Что ж, мне интересно было бы узнать мнение г-жи Шварцкопф, побывай она на концерте, прошедшем на днях в Большом зале консерватории. Образцова и Чачава пели все тот же шумановский цикл; только теперь Образцова словно копировала кого-то, безумно напуганная некими "камерными" обязательствами. Голос не лился, плющился и обвисал на пиано; между тем было очевидно, что певица не собирается без боя расставаться со своими певческими статями: при ней остались и хищные (хоть порой и дряблые) верха, и акульи низы, столь идущие облику, напоминающему ходячий портрет работы Шилова. Публика слушала доверчиво, чуть растерянно (к слову, зал не был полон); для меня же, склонен признаться, двадцать минут цикла были сплошной экзекуцией. Затем было спето несколько отдельных песен -- чуть более по-оперному, более звучно и столь же мало интересно.

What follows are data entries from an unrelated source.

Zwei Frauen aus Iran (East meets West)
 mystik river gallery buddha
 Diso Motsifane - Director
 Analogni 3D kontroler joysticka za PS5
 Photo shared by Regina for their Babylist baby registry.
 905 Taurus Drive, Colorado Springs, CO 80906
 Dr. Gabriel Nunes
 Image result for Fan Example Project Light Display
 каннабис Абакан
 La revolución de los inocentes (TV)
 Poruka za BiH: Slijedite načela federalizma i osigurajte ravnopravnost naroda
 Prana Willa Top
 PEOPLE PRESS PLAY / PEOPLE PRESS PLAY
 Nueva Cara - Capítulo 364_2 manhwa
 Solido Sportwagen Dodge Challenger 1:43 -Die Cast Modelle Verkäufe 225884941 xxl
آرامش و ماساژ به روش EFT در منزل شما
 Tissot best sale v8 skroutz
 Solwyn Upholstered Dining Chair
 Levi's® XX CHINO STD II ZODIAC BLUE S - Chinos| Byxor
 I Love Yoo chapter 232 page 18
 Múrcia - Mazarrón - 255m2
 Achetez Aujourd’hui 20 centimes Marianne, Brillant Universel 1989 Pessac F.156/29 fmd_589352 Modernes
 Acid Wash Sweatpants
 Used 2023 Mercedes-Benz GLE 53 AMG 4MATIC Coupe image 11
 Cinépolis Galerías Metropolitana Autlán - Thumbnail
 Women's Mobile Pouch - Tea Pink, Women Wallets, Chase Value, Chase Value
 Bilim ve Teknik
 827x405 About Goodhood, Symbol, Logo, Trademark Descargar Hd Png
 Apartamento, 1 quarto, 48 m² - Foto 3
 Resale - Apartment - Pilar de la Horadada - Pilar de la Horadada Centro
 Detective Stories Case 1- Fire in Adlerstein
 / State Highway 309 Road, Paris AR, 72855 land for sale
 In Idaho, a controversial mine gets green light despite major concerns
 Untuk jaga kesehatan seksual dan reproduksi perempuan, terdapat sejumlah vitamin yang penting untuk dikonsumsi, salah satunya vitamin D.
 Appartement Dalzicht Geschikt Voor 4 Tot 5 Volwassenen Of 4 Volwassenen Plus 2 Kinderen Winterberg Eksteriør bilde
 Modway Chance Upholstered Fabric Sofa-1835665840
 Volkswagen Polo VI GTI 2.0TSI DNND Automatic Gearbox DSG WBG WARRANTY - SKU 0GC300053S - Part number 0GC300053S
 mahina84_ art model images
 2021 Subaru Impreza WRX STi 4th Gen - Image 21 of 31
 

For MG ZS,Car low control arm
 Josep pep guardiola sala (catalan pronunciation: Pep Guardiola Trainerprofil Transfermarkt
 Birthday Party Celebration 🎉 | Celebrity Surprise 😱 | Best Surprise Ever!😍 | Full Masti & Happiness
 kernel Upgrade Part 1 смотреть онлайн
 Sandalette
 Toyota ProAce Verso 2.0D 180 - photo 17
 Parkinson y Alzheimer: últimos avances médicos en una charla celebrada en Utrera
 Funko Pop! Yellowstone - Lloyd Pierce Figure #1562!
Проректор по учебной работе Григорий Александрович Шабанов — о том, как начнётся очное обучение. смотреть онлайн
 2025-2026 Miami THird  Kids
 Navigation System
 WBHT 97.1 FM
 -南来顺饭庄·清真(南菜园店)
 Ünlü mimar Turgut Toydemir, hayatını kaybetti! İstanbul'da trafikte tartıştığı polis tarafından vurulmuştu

Но соль программы -- второе отделение. Образцова и Чачава предложили нам одиннадцать песен Курта Вайля, созданные им в брехтовский, парижский и бродвейский этапы его карьеры -- на всех соответствующих языках. Если Шуман был забытым давним уроком, то тут имел место новый проект, и проект в духе времени: исполнять Вайля на академических сценах сегодня модно, почти как Астора Пьяццолу. Эта музыка не стесняется собственной банальности, и легче всего было бы сказать: все, что любит Образцова, тут к месту. Но петь Вайля не менее сложно, чем Шумана: как все же классическому певцу применить этот утрированный пафос -- неважно, любовный или антикапиталистический -- к высокой сцене?
Есть легенды про великих певцов (Шаляпина, Карузо), которые превращали властью своего искусства предвзято недобрый зал и чуть ли не клаку. После восьмой песни Вайля я поймал себя на том, что горячо аплодирую: стало быть, не мне стыдить Караяна или Дзефирелли, захваченных победительными стихиями русской артистки. В Вайле Образцова отыгралась по полной программе -- здесь были и гортанные эстрадные приемы, и лихие выкрики, и внезапное пиано, и даже шепот. Вульгарно ли это было? Однозначно да -- но любопытно, как удалось певице соблюсти продуманную вульгарность стилистическую, не став заложницей вульгарности эмпирической, растительной? Моя догадка в том, что Образцова и Чачава придумали некий промежуточный образ, от лица которого пелись куплеты и зонги -- образ вроде Графини из "Пиковой дамы", напевающей шлягер давних лет: кстати, одна из песенок Вайля его очень напоминала. Если так, то программа стало чем-то вроде развернутых воспоминаний некоего персонажа -- а, возможно, и своеобразным вариантом автобиографии певицы, отчего слушать его было захватывающе интересно. Добавлю, что новому проекту Образцовой-Чачавы еще требуется обкатка (со сцены, хотя бы, должен исчезнуть пюпитр с нотами). Но и в этом виде опыт показал, что, вероятно, творчество современной русской артистки Елены Образцовой еще долго сможет будить в нас всякого рода противоречивые чувства.